En ese entonces, yo acababa de recibir la bendición de ser padre de una niña, y la historia me turbó. ¿Cómo pueden padres amorosos dejar así sola a su hija?, me pregunté. Cuando la charla terminó, estaba tan nervioso que pasé por alto la invitación a ir a ver al misionero. Salí apurado de la iglesia, exclamando mientras me iba: «Cuánto me alegro de no ser como…».
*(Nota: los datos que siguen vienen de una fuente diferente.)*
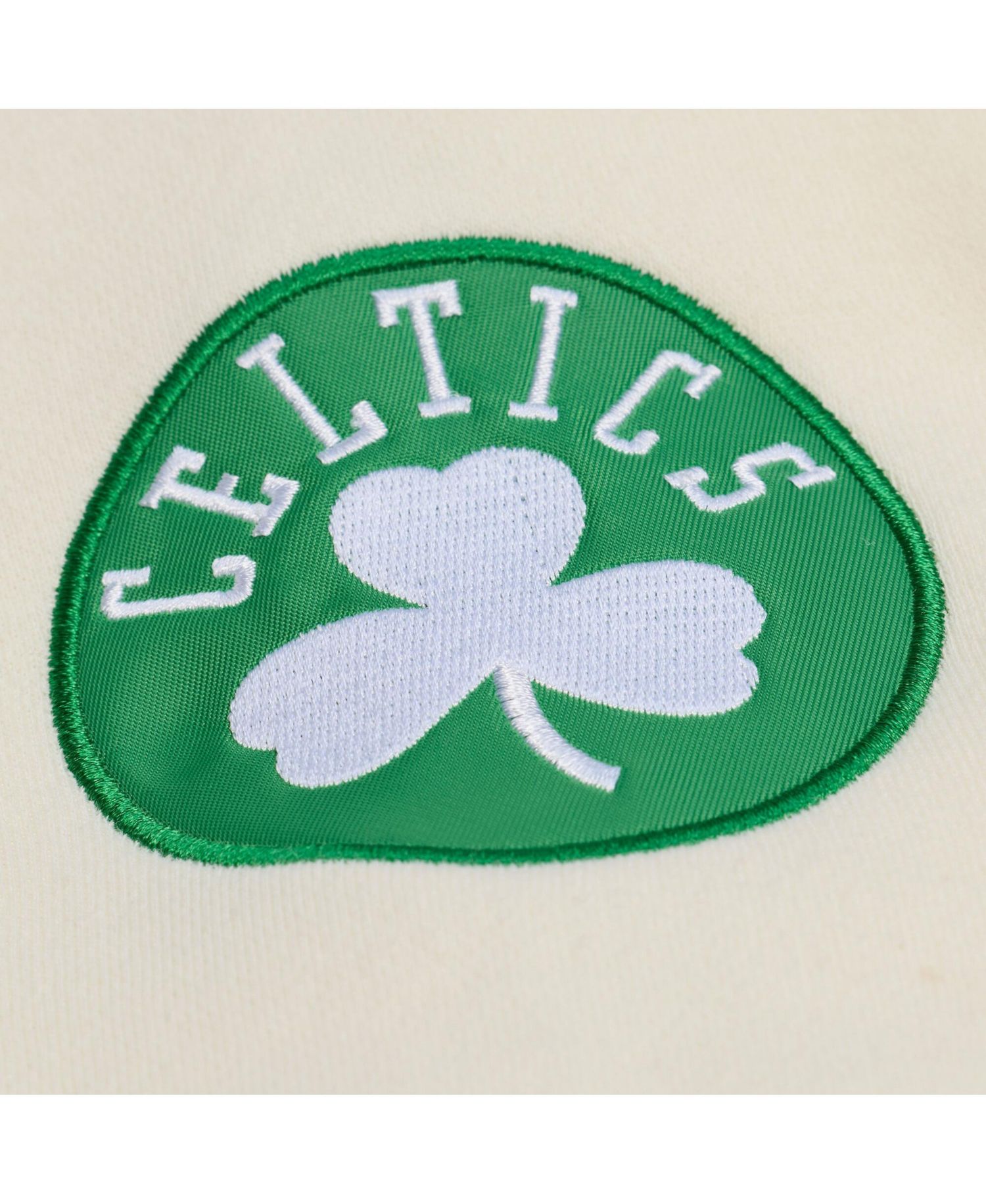 Men's Cream Boston Celtics Hardwood Classics Chainstitch Premium Fleece Hoodie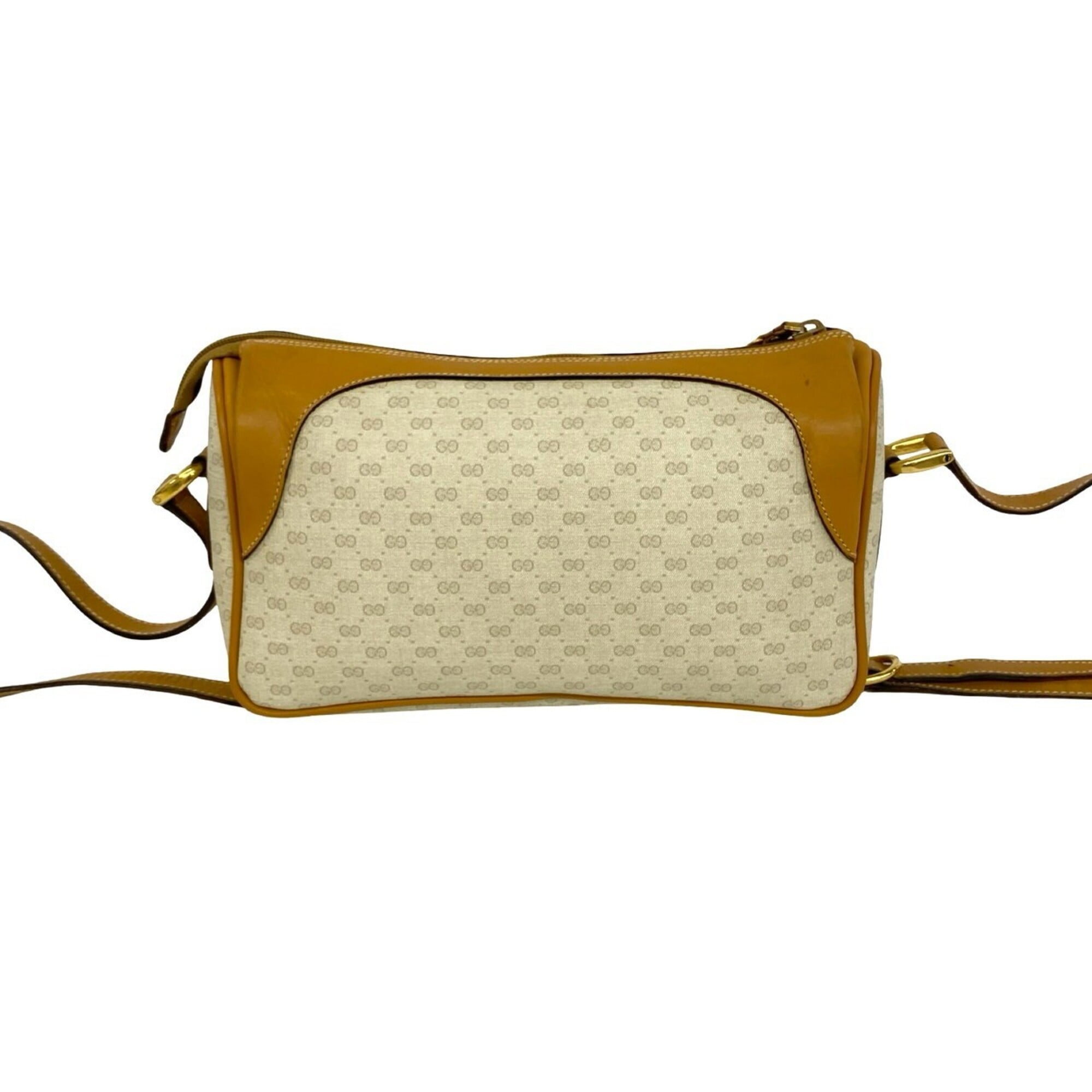 Gucci Brown Ivory Leather Pvc Shoulder Bag (Pre-Owned)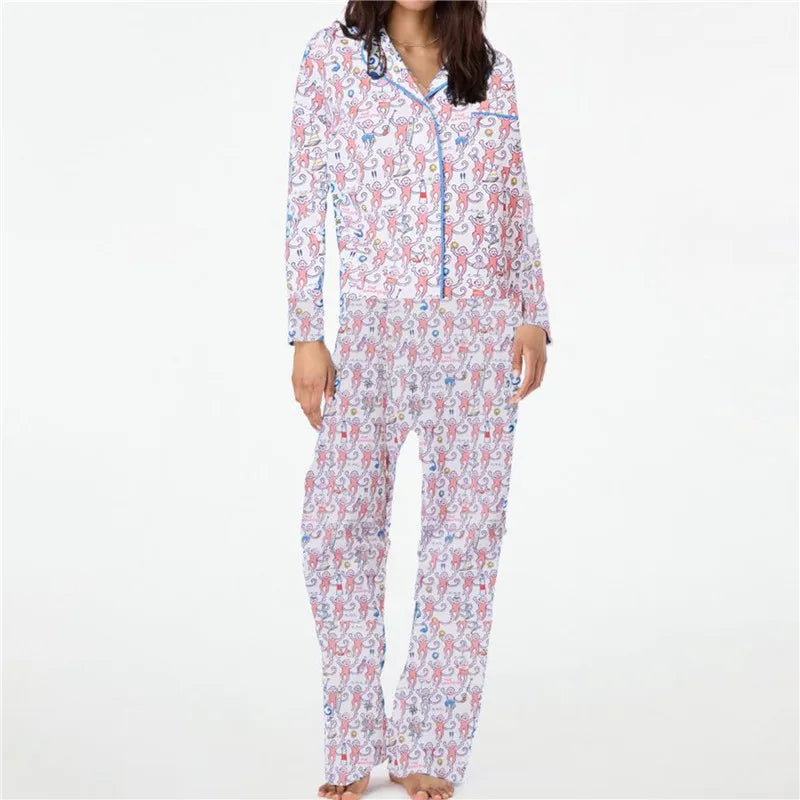 Roller Rabbit Monkey Pajamas Preppy Pjs Pants Sets For Women  Long Sleeve Pajamas Set 2 Piece Loungewear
En ese instante, el Espíritu Santo hizo que me detuviera. Ni siquiera pude terminar la frase. Allí estaba yo, repitiendo casi literalmente lo que el fariseo le dijo a Dios: «Gracias porque no soy como los otros hombres» (Lucas 18:11). ¡Qué disgustado estaba conmigo mismo! ¡Cuán decepcionado habrá estado el Señor! Desde aquella noche, le he pedido a Dios que me ayude a escuchar a los demás con humildad y control, mientras ellos derraman su corazón mediante una confesión, un sentimiento o un dolor.